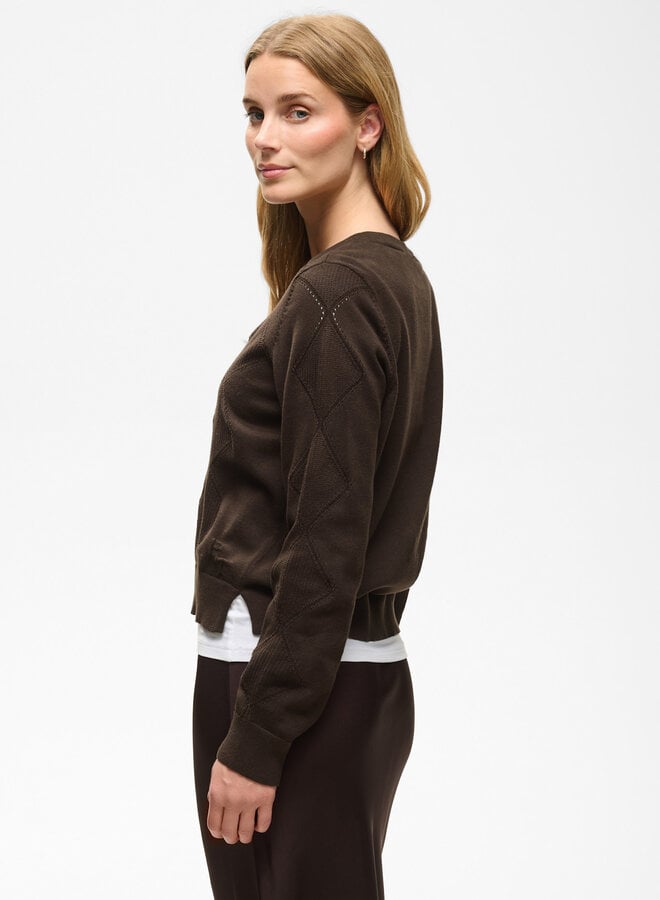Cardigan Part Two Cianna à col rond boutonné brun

______________________________

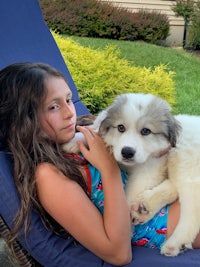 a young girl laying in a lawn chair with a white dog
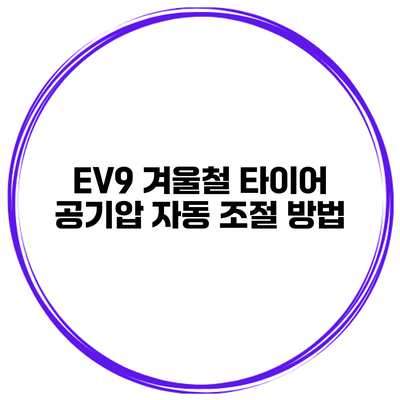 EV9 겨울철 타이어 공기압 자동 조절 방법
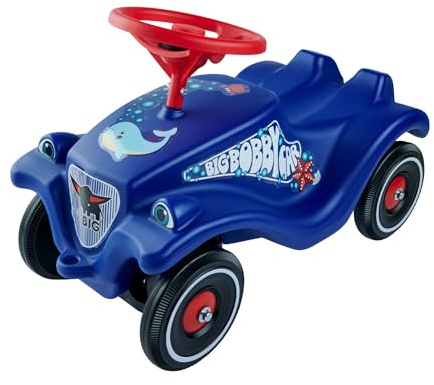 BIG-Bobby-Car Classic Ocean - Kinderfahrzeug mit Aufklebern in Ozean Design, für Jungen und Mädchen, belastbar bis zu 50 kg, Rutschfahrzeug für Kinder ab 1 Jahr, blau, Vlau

______________________________

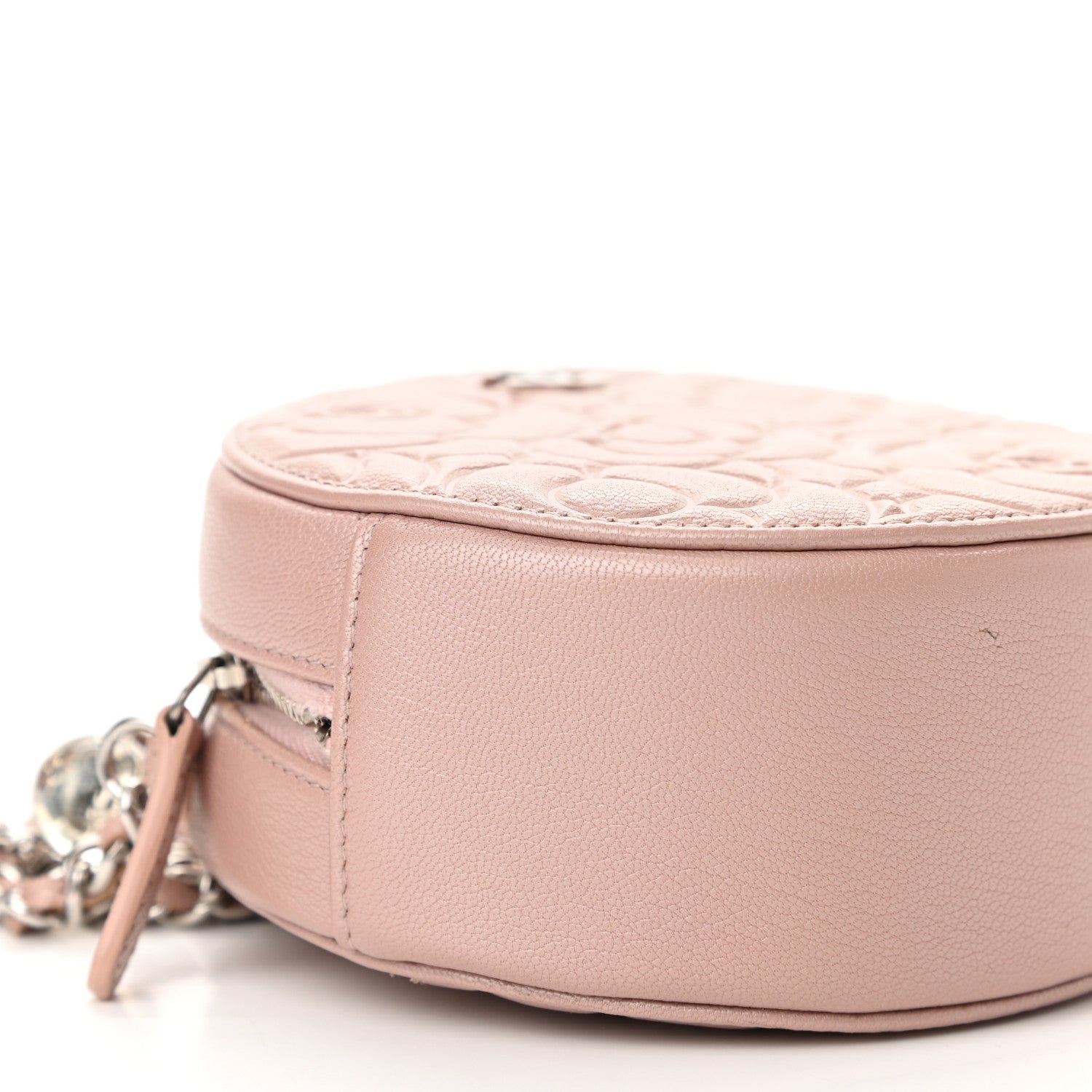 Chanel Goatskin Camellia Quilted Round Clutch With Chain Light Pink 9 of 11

______________________________

The problem
Beginning with the line that contains "EV9 겨울철 타이어 공기압 자동 조절 방법" and ending with the line that contains "BIG-Bobby-Car Classic Ocean", reproduce the listing exactly, pictures excluded.

Response
 EV9 겨울철 타이어 공기압 자동 조절 방법
 BIG-Bobby-Car Classic Ocean - Kinderfahrzeug mit Aufklebern in Ozean Design, für Jungen und Mädchen, belastbar bis zu 50 kg, Rutschfahrzeug für Kinder ab 1 Jahr, blau, Vlau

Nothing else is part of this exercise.